Concurrent thread access in Dynamic Programming Convolution kernel

Hi everyone. First of all, here is my code:

#include <iostream>

__global__ void inner_convolution(bool* input, bool* kernel, bool* output, int support_index, int n_kernel)
{
    int idx = blockIdx.x * blockDim.x + threadIdx.x;
    if(idx >= n_kernel) return;

    if(input[support_index + idx] && kernel[idx])
    {
        output[support_index] = false;
    }
}

__global__ void outer_convolution(bool* input, bool* kernel, bool* output, int* support_indices, int n_input, int n_kernel)
{
    int idx = blockIdx.x * blockDim.x + threadIdx.x;
    if(idx >= n_input - n_kernel + 1) return;
    support_indices[idx] = idx;

    dim3 block(128);
    dim3 grid(((n_input - n_kernel + 1) + block.x - 1) / block.x);
    inner_convolution<<<grid, block>>>(input, kernel, output, support_indices[idx], n_kernel);
}

int main()
{
    int n_input_array = 100000;
    int n_kernel_array = 400;

    bool* input_array = (bool*)malloc(sizeof(bool) * n_input_array);
    for(int i = 0; i < n_input_array; i++)
    {
        input_array[i] = ((i + 39) / 5) % 2 == 0 ? false: true;
    }
    bool* kernel_array = (bool*)malloc(sizeof(bool) * n_kernel_array);
    for(int i = 0; i < n_kernel_array; i++)
    {
        kernel_array[i] = ((i % 777) == 0);
    }

    bool* d_input_array;
    bool* d_kernel_array;

    cudaMalloc((bool**)&d_input_array, sizeof(bool) * n_input_array);
    cudaMalloc((bool**)&d_kernel_array, sizeof(bool) * n_kernel_array);
    cudaMemcpy(d_input_array, input_array, sizeof(bool) * n_input_array, cudaMemcpyHostToDevice);
    cudaMemcpy(d_kernel_array, kernel_array, sizeof(bool) * n_kernel_array, cudaMemcpyHostToDevice);

    int* d_support_indices;
    bool* d_output;
    cudaMalloc((int**)&d_support_indices, sizeof(int) * (n_input_array - n_kernel_array + 1));
    cudaMalloc((bool**)&d_output, sizeof(bool) * (n_input_array - n_kernel_array + 1));
    cudaMemset(d_output, true, sizeof(bool) * (n_input_array - n_kernel_array + 1));

    dim3 block1(128);
    dim3 grid1(((n_input_array - n_kernel_array + 1) + block.x - 1) / block.x);

    outer_convolution<<<grid1, block1>>>(d_input_array, d_kernel_array, d_output, d_support_indices, n_input_array, n_kernel_array);
    cudaDeviceSynchronize();

    bool* output = (bool*) malloc(sizeof(bool) * (n_input_array - n_kernel_array + 1));
    cudaMemcpy(output, d_output, sizeof(bool) * (n_input_array - n_kernel_array + 1), cudaMemcpyDeviceToHost);

    cudaFree(d_input_array);
    cudaFree(d_kernel_array);
    cudaFree(d_support_indices);
    cudaFree(d_output);

    for(int i = 0; i < n_input_array - n_kernel_array + 1; i++)
    {
        printf("%d ", output[i]);
    }
    printf("\n");

    free(input_array);
    free(kernel_array);
    free(output);

    return 0;
}

where the bool data type is defined because we are in a C++ setting.

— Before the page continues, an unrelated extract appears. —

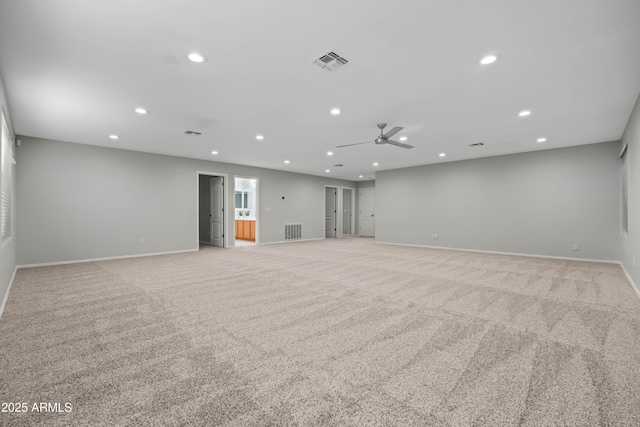 spare room featuring recessed lighting, visible vents, and light carpet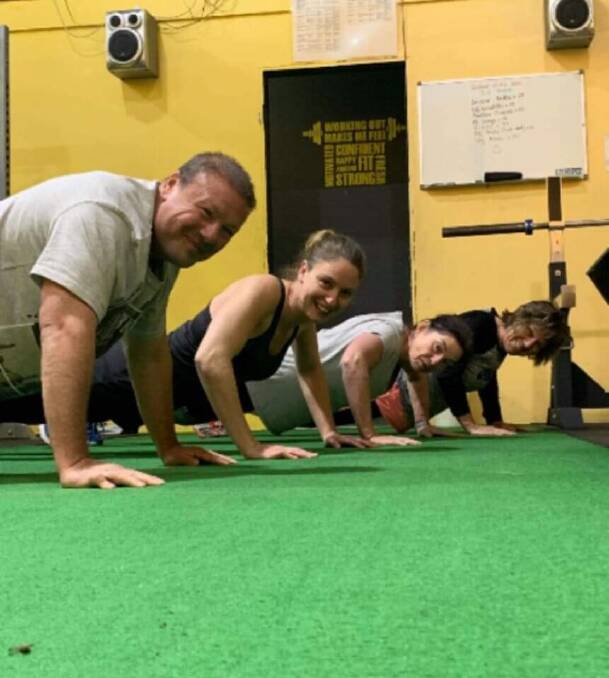 PUSH POPS: Adam Croal, Katie Wright, Donna Lowry and Karen Judge came together to do their push ups. Pictures: SUPPLIED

The code itself performs a kind of convolution:

  1. An array of boolean values, input_array, is given, as well as a kernel, called kernel_array, each of which has a certain amount of elements, respectively n_input_array and n_kernel_array.
  2. The data is copied to the device global memory, and a first kernel, “outer_convolution”, is invoked. The only goal of each thread of this first kernel is to “forward” its index to a child grid that it creates, by storing that index in the corresponding array cell of “support_indices”.
  3. Now, the objective of each child thread is to apply the kernel mask to a batch of consecutive elements in the input thread. To do so, the initial index is retrieved from what the father thread forwarded to the grid. The masking is performed as follows: each child thread of the grid invoked by a parent thread computes the logic AND between an element of the input array and an element of the mask. If the two of them are found to be true, a certain data element of the output array, which is shared by all the child threads of the grid invoked by the single parent thread, is directly set to false. This means that different threads get access to the same data concurrently, which can cause race conditions. Or actually, does it really? Because, at the very beginning, host-side, the array d_output, in which the results of the convolution will be stored, is initialized completely to true. The only thing the threads can do is set a specific element of that output array to false, but never to true. This means, at least in theory, that even if there is concurrent access, no race condition occurs: either no thread wants to set to false the data at a specific location of the d_output array, or one or more threads want to concurrently set that value to false. In the first case, the data is left untouched. In the second, it is set to false.

At least, this is the behaviour I would expect. But if you run twice this program and compare the outputs you will see that they are different. My question is: how is that so? I get it that concurrent access to the same data address is bad, and that’s exactly what I’m doing here. But at the same time, it’s not that I’m allowing different threads to, at the same time, and therefore concurrently, set the same shared variable sometimes to true and sometimes to false, but just to false. So I would think that a concurrent access wouldn’t be that much of a problem, in this specific case, but apparently, it is.

Any help would be appreciated: am I doing something wrong? Why does the data seemingly gets corrupted? What happens under the hood here?

Have you set cudaLimitDevRuntimePendingLaunchCount high enough? The default number of launch slots is 2048.

Your code as posted will not compile.

You are indeed exceeding the pending launch limit.

Any time you are having trouble with a CUDA code, I encourage proper CUDA error checking. When using CUDA Dynamic Parallelism (CDP) as you are, that applies to proper instrumentation in device code as well. If you apply that to your code, you will observe errors reported. Even if you don’t understand the error output, it will be useful for others trying to help you.

Thank you so much, that was the problem. Despite my researches online I never found out about this property. Do you know if there is a maximum value to which that property can be set? I have made some tests but, even with very high numbers, it didn’t give me any error. This is a good thing of course, it’s just that I’m curious about the limitations.

You are right, sorry for not including error checking. I did it on my main code and then wrote the one I posted here, where I skipped error checking because I didn’t think it was important, as my goal was just to reproduce in a smaller scale my main problem. One thing I didn’t know and that I learnt from your link is to use cudaGetLastError after a kernel launch. For some reason I was doing error checking everywhere else but not for kernel launches.

This topic was automatically closed 14 days after the last reply. New replies are no longer allowed.